The very first scene of the video Centro Espacial Satelital de Colombia, by the art collective La Decanatura, depicts a mother cow slowly, even lovingly, stroking with her tongue a newborn calf, presumably her own. The landscape is pastoral and magnificent in its Arcadian calm, but for two uncanny architectural presences: two monumental satellite towers dating from the 1970s.

Perez oramas 1
La Decanatura. Centro Espacial Satelital de Colombia. Video still. 2015

The place is known as the Centro Espacial Satelital de Colombia (Satellite Space Center of Colombia) and, like many similar sites throughout Latin America, it was opened in the 1970s, specifically on March 25, 1970.

The video, introduced by two black-and-white photographs of the towers, was authored by a collective of young Colombian artists, La Decanatura (Elkin Calderón and Diego Piñeros), and presented among many works in the National Salon of Artists in Pereira.

I still have this video in mind. It is one of the strongest, most moving art pieces I have seen in recent months. It obliquely touches upon some of the issues that I have been personally interested in, both as a curator and as a poet. The experience of seeing it actually drew me to the writing of some verses, maybe a poem, as well as to the memory of some old, haunting readings, and to general thinking about the purpose (or purposelessness) of an initiative such as a trip by MoMA curators to Colombia within the frame of our Contemporary and Modern Art Perspectives initiative, C-MAP.

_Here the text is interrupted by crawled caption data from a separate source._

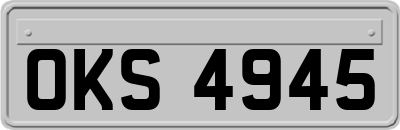 OKS4945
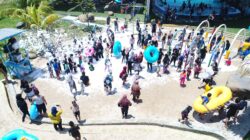Cikao Park Destinasi Favorit saat Berlibur di Purwakarta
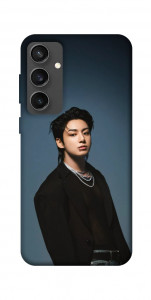 Чохол BTS jungkook для Galaxy S24 FE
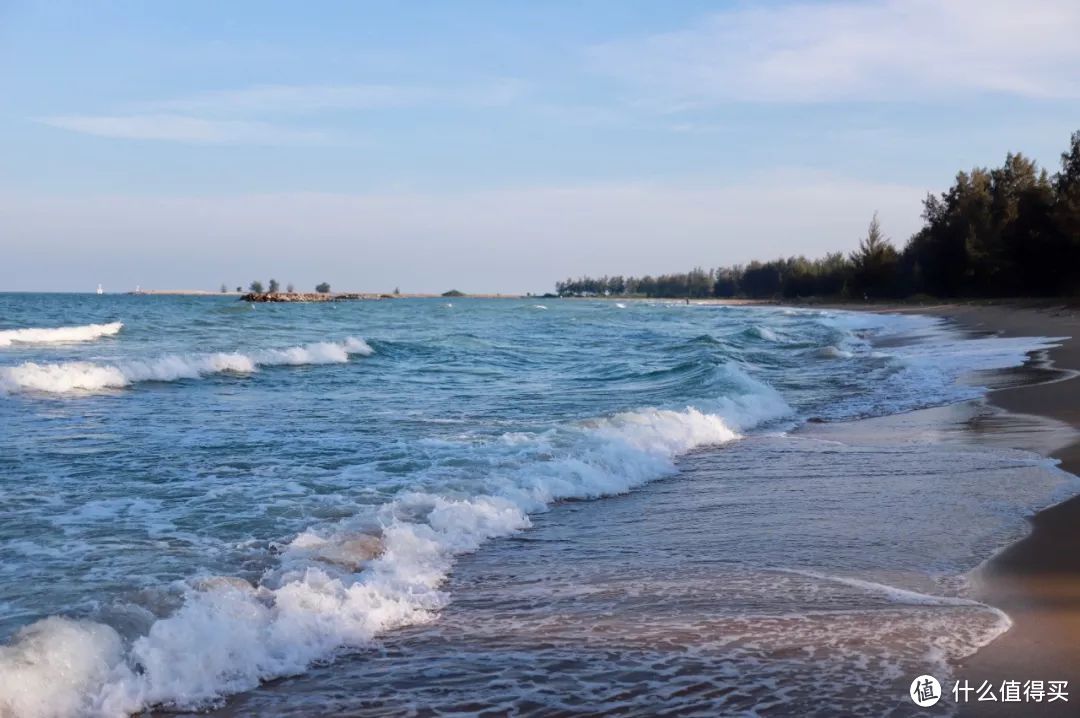 逃离寒冷天气，人少景美泰国小众海岛推举。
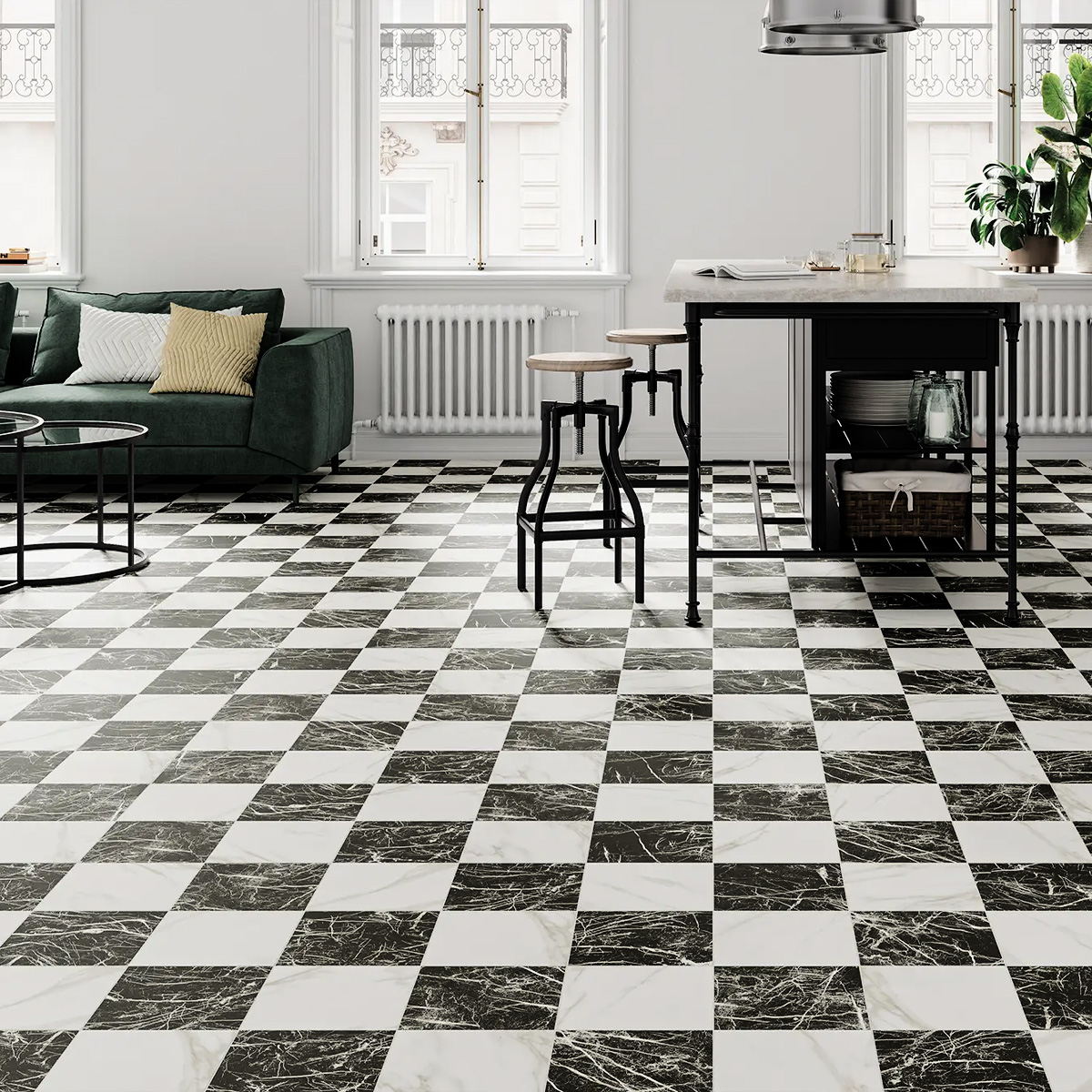 CHESS MARQUINA (1 сорт)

Were we bound there with the expectation of discovering some (hidden) masterpieces? Do we really care about the history of a country such as Colombia—or for that matter about any other (relatively small) country in the Americas, or in the world? What is our position, as employees of a dominant, mainstream art institution, vis-à-vis the struggles and celebrations of national communities that are not planned to be part of the fairy tales embodied by our geniuses and artistic heroes? Could an institution such as MoMA be generous? Could an American, or for that matter international, curator working in the very axis of art power produce a critical perspective outside of a logic of power-will? What is a powerless art? A powerless Modernity: does it exist?

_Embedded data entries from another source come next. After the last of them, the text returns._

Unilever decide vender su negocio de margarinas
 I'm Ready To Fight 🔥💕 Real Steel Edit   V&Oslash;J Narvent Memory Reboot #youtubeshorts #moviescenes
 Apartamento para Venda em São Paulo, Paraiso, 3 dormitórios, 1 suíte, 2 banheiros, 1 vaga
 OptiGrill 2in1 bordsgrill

After the cow has caressed her newborn calf with her tongue, the video proceeds to show the rainy surrounding landscape of the very old Leal y Noble Villa de Santiago de Chocontá, in Cundinamarca.

Perez oramas 2
La Decanatura. Centro Espacial Satelital de Colombia. Video still. 2015

Suddenly, sparingly, a group of children, all bearing musical instruments and wearing white costumes, which we presume were the uniforms of the technicians who worked at the Satellite Space Center, come out from those monster towers into the open field. They start playing a moving song, a lullaby. They caringly play that music while it slowly rains. In another shot, they play inside the abandoned towers, uncannily, against the silence of a failed Modernity.

Perez oramas 3
La Decanatura. Centro Espacial Satelital de Colombia. Installation view. 44th Salon Nacional de Artistas, Pereira, 2016
Perez oramas 4
La Decanatura. Centro Espacial Satelital de Colombia. Installation view. 44th Salon Nacional de Artistas, Pereira, 2016

They may be playing their music in search of a voice that they have lost, or the voice that they are losing as they become adults, and they look for the place of infancy, where they come from, that place that we all have abandoned: that site of absence projected into the future, uncertainly.

Perez oramas 5
La Decanatura. Centro Espacial Satelital de Colombia. Installation view. 44th Salon Nacional de Artistas, Pereira, 2016

The Satellite Space Center is no longer useful, no longer “modern.” Beside its ruins of modernity, the landscape continues, beyond itself, following the same secular, ever-evolving pace of cows, trees, tempests, veals, harvests, lightning storms. A verse by Alberto Caeiro, one of Fernando Pessoa’s heteronyms, reads, “Os pastores de Virgílio, coitados, são Virgilío, / E a Natureza é bela e antiga (Virgil’s shepherds, poor guys, are Virgil, / And Nature is beautiful and ancient)."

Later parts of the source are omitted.